Netanyahu was welcomed by Ugandan President Yoweri Museveni at the Entebbe International Airport, a lakeside facility whose old terminal is where his brother, Yonatan, was struck by a bullet as he led Israeli commandos in a daring rescue mission to rescue hijacked Israeli and Jewish passengers. Israel's success in the raid humiliated then-Ugandan President Idi Amin.
At Entebbe, there will be a formal ceremony to commemorate the anniversary of the Israeli rescue mission and Netanyahu will be given a tour of the airport's control tower, according to a draft schedule released by Uganda's government. In the evening there will be a state dinner honoring Netanyahu, before he leaves for Kenya.
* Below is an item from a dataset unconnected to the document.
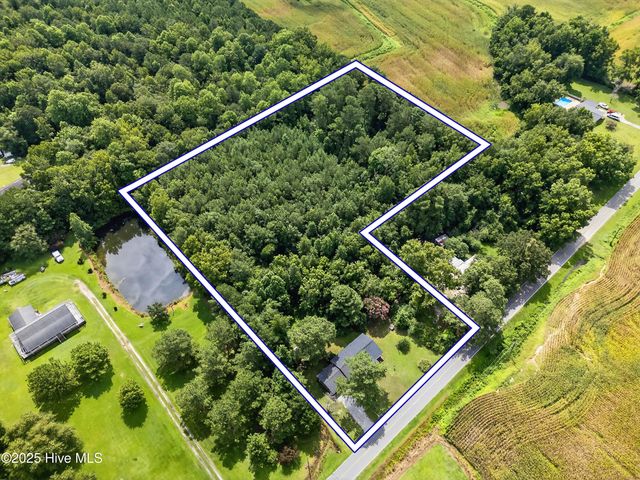 3665 Midway Drive, Whiteville, NC 28472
Although the July 1976 rescue mission breached Uganda's territorial integrity, Amin, who had taken power by force and ruled as a dictator, had become an increasingly isolated figure and would soon by forced out of power with the help of Tanzanian forces. Ugandan President Yoweri Museveni himself led one of several exile groups that waged a guerrilla war against Amin.
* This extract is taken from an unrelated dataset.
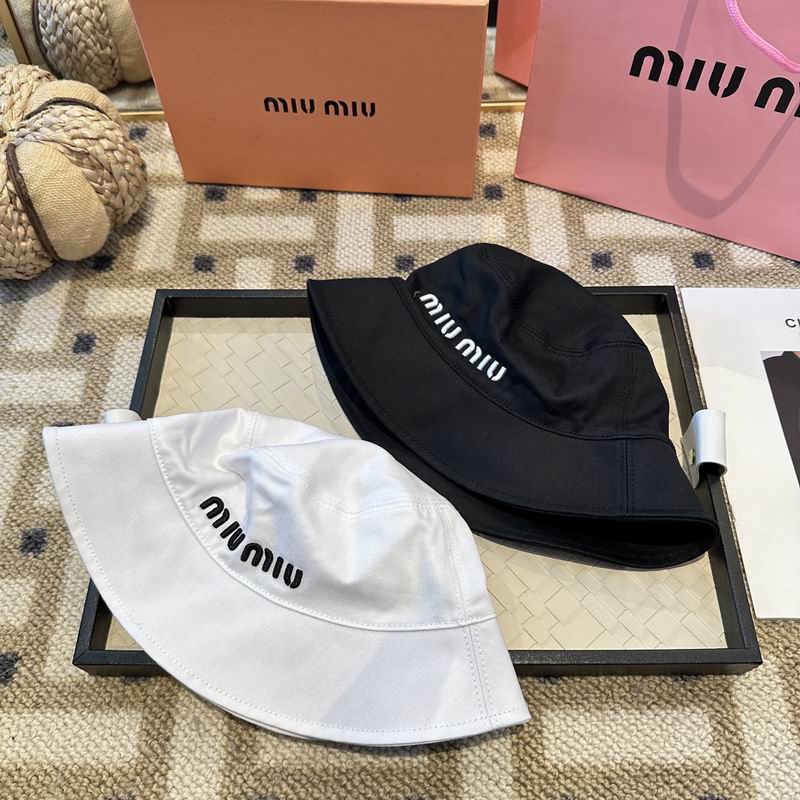 Miumiu hat (1761)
A lingering loathing of Amin, who was accused of many human rights atrocities and who died in Saudi Arabia in 2003, is one reason why many Ugandans today do not see the success of the Israeli raid -- in which many Ugandan soldiers were killed and military equipment destroyed -- as a disaster for Uganda. Yonatan was shot dead as he was leading the forces storming the airport's old terminal, where the hostages were held. His death made Yonatan an Israeli hero, and thrust Netanyahu toward public life.
Still, some Ugandans say Netanyahu's historic visit should be a moment to mourn the Ugandan victims of the operation. Moses Ali, Uganda's deputy prime minister who served as a government minister under Amin, told Uganda's Daily Monitor newspaper that the rescue mission should not be celebrated by Ugandans.
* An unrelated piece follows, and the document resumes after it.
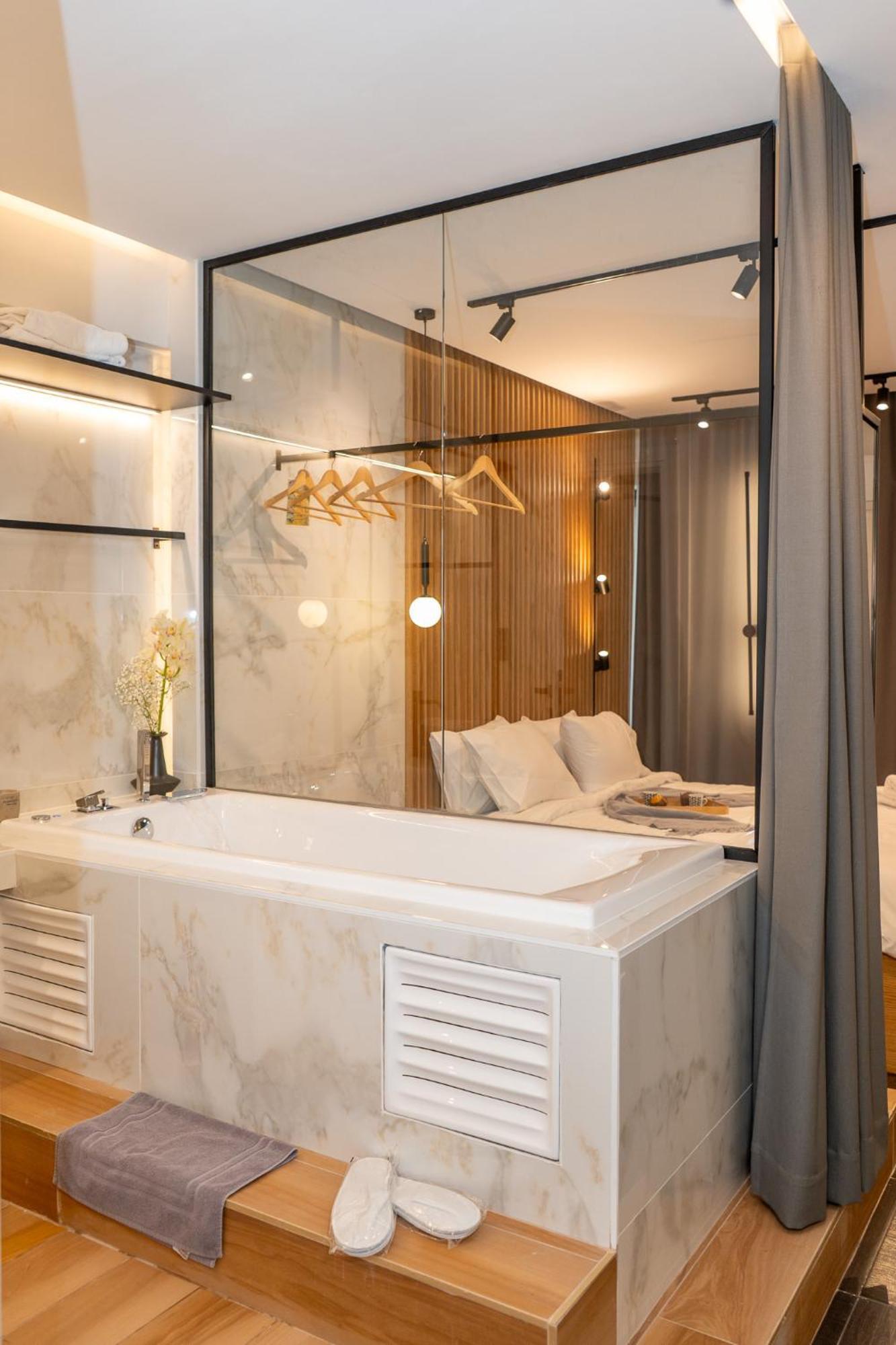 Apartmán Luxury With Jacuzzi By Sea&thecity *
"If you are siding with Israelis, then you can celebrate because it was their victory," he said. "If you are not, then you should be mourning our dead ones."
Netanyahu will also be visiting Kenya, Rwanda and Ethiopia this week.
In exchange for its expertise in security and other fields, Israel wants African states to side with it at the UN, where the General Assembly overwhelmingly recognized Palestine as a nonmember observer state in 2012. The Palestinians have used their upgraded status to launch a diplomatic offensive against Israel and its occupation of lands where the Palestinians hope to establish a future state.
"Israel has been on a mission to repair its image globally and more specifically within the UN where the Africa group has for decades now supported the Palestinian cause, and vote in general towards that end," said Angelo Izama, a Ugandan analyst who runs a think tank called Fana Kwawote.
As a key US ally on regional security, especially in violence-prone Somalia, Uganda is an attractive ally for Israel as well, according to Izama.
"Washington views the Museveni administration as a regional hegemon, a key to the security of the wider region. Uganda's involvement in counter-terrorism in Somalia ... and its significant expenditure on security goods, including arms and technology, are another reason" for Netanyahu's visit, he said.